Ascoltando quel podcast di cui vi parlavo inizialmente, ho avuto un mancamento. Ho scritto a Francesco Oggiano, facendo notare che la trattazione era sommaria e limitante e che, direi oggettivamente, era un dibattito tra radical chic (parola che odio ma qui calzante) che parlavano da persone con il culo al caldo.
Il rischio è quello di analizzare il fenomeno da un solo punto di vista, quello di chi è sensibile alla tematica ambientale, di chi conosce bene la questione, dimenticando che noi non siamo il mercato e che il consumatore e le sue scelte sono molto più complesse di come le presentiamo.
La Transizione Ecologica
L’ho presa alla larga, ma ci siamo arrivati. Se ascoltiamo i telegiornali, sembra che la questione ambientale sia di grande rilevanza, un’urgenza per la quale siamo tremendamente in ritardo. Io su questa visione delle cose non posso che essere d’accordo: queste cose ce le dice la scienza.
Allora perché i movimenti che mettono in dubbio che il cambiamento climatico sia reale vincono le elezioni e sono in crescita nei consensi? Basta guardare alla vittoria di Donald Trump nelle presidenziali USA appena trascorse.
A suggerirci la risposta sono proprio le elezioni presidenziali citate. Ahimé, ho dimenticato dove l’ho letto, ma venivano messi a confronto i temi della campagna elettorale dei Democratici, quelli dei Repubblicani e i problemi percepiti dal cittadino medio americano. La Transizione Ecologica, tema caro alla sinistra, era agli ultimi posti.
Ora, il progressista medio urlerebbe al sacrilegio. Ma a un operaio, interessa di più la Transizione Ecologica o mettere un piatto in tavola? Gli interessa di più l’energia green o arrivare a fine mese? Gli interessa di più un sistema sanitario funzionante o l’eliminazione delle auto diesel?
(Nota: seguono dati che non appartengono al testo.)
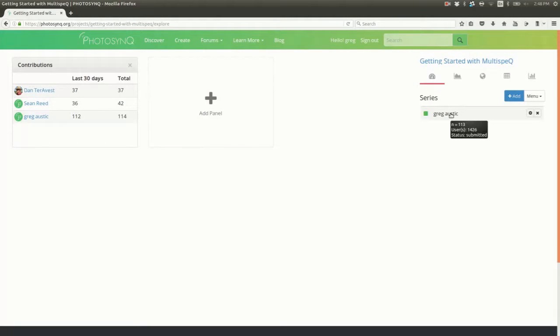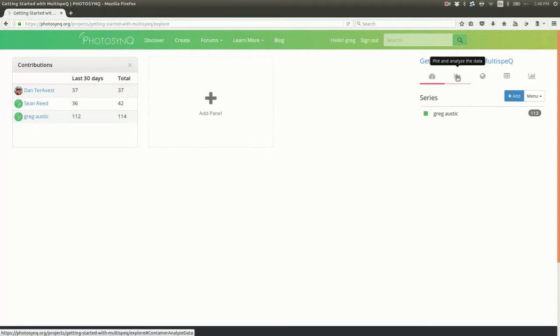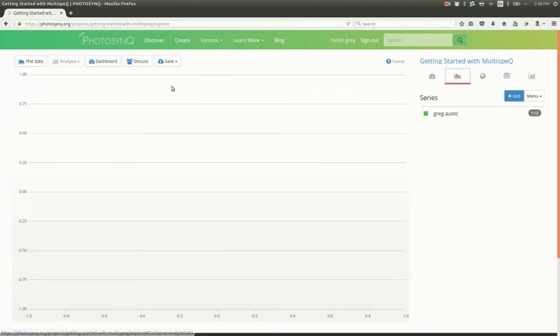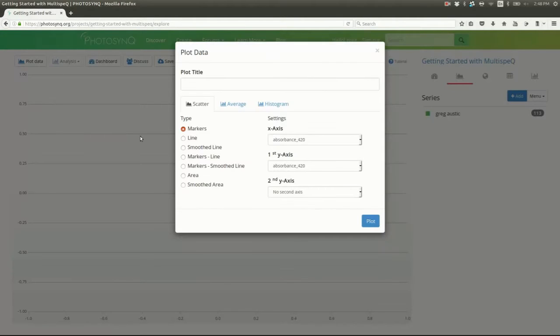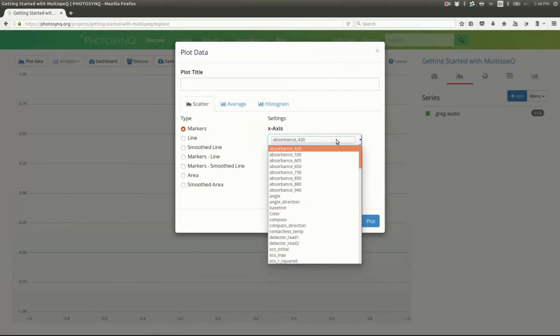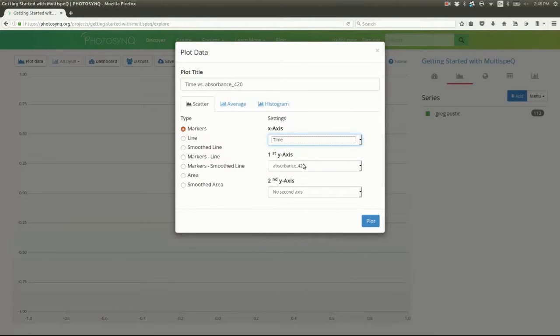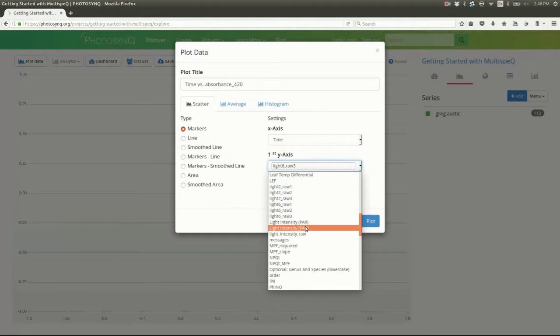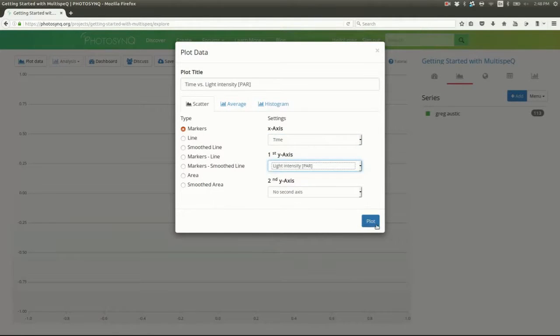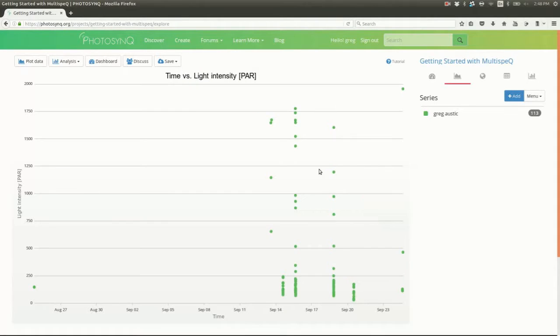Okay, so let's find our specific data point. We can plot our data by time by clicking on the plot icon, plot data, and choosing time on the X and light intensity on the Y. Great. Here's the date range I collected the data.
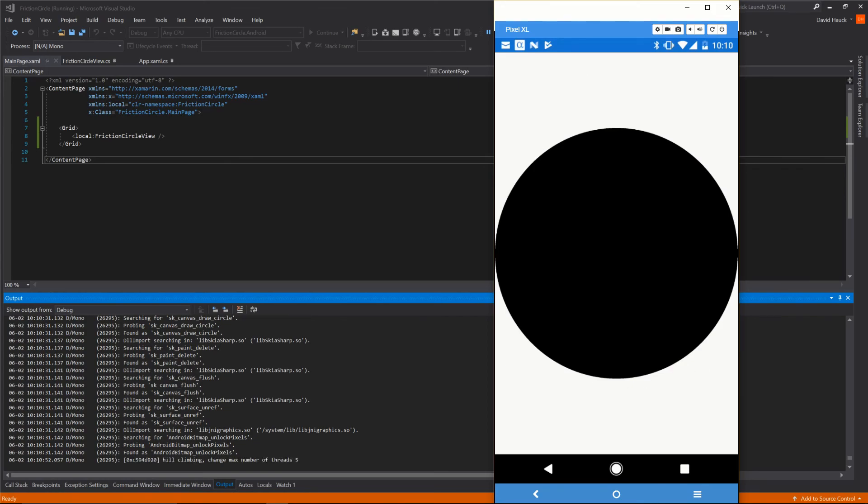In the next video we're going to make the friction circles so this circle actually looks like a friction circle. Thanks for watching and I'll see you in the next video.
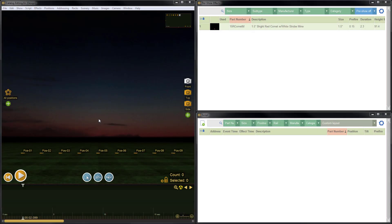Hi, this is Drew with Finale. In this short tutorial, I'm going to demonstrate how to use the Groups feature to organize the timeline, the script window, and how to use the Groups feature to restrict the number of ematches on a pin when addressing a show. Let's get started.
Non fraintendetemi: io ritengo la Transizione Ecologica fondamentale e sono spaventato dagli effetti dei cambiamenti climatici. Però, per i ceti popolari con stipendi sempre più bassi in contesto economico sempre più instabile, con una globalizzazione che non li fa sentire sicuri, in un mondo nuovo fatto di capitali accentrati sempre di più nelle mani di pochi, la transizione ecologica non è, e non sarà, una priorità.
Conclusioni
Qualcuno di voi penserà: “Eh, voglio vedere quando queste persone subiranno le conseguenze del surriscaldamento globale, cosa penseranno”. Concordo anche qui. Resta però una questione: le persone vedono le conseguenze del cambiamento climatico come lontane, mentre il loro stipendio basso, che non cresce, lo vedono ogni giorno.